● Exercise data:

============

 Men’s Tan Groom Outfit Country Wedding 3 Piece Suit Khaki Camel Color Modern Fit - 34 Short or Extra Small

============

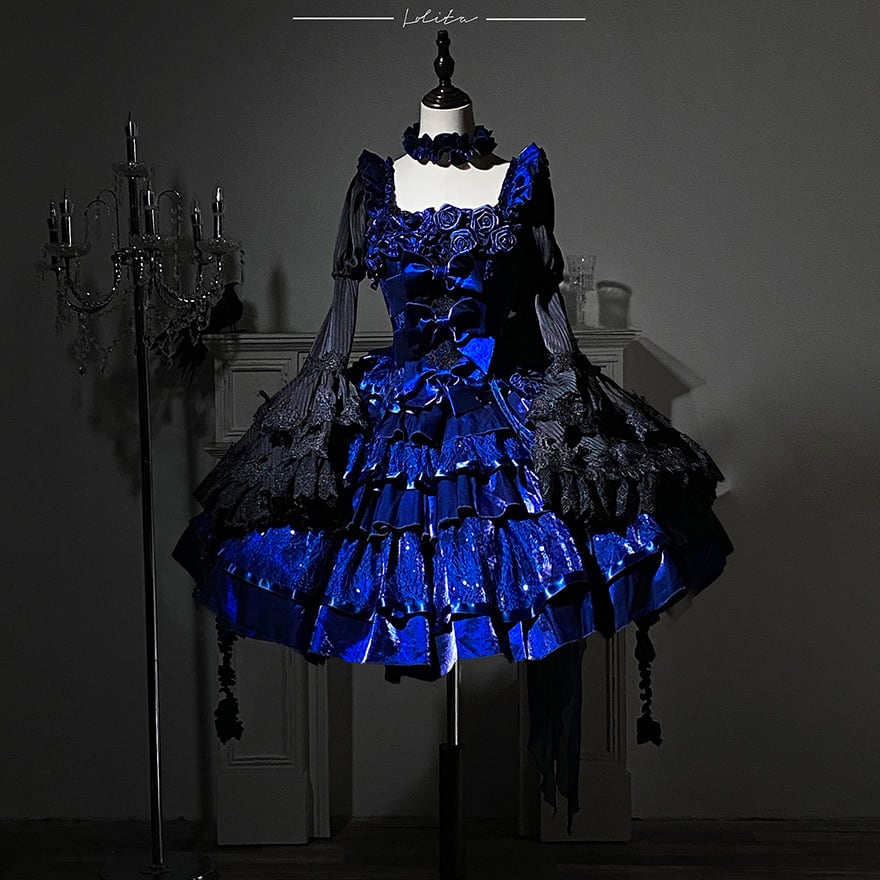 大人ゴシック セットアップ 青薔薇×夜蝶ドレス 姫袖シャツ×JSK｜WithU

============

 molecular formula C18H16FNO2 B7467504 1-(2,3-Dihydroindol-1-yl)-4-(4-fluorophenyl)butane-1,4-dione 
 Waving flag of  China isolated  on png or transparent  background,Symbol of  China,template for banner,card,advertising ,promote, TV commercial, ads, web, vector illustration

============

Please, from the entries above, set down exactly the lines from the one containing "molecular formula C18H16FNO2" through the one containing "Waving flag of", and only those.

 molecular formula C18H16FNO2 B7467504 1-(2,3-Dihydroindol-1-yl)-4-(4-fluorophenyl)butane-1,4-dione 
 Waving flag of  China isolated  on png or transparent  background,Symbol of  China,template for banner,card,advertising ,promote, TV commercial, ads, web, vector illustration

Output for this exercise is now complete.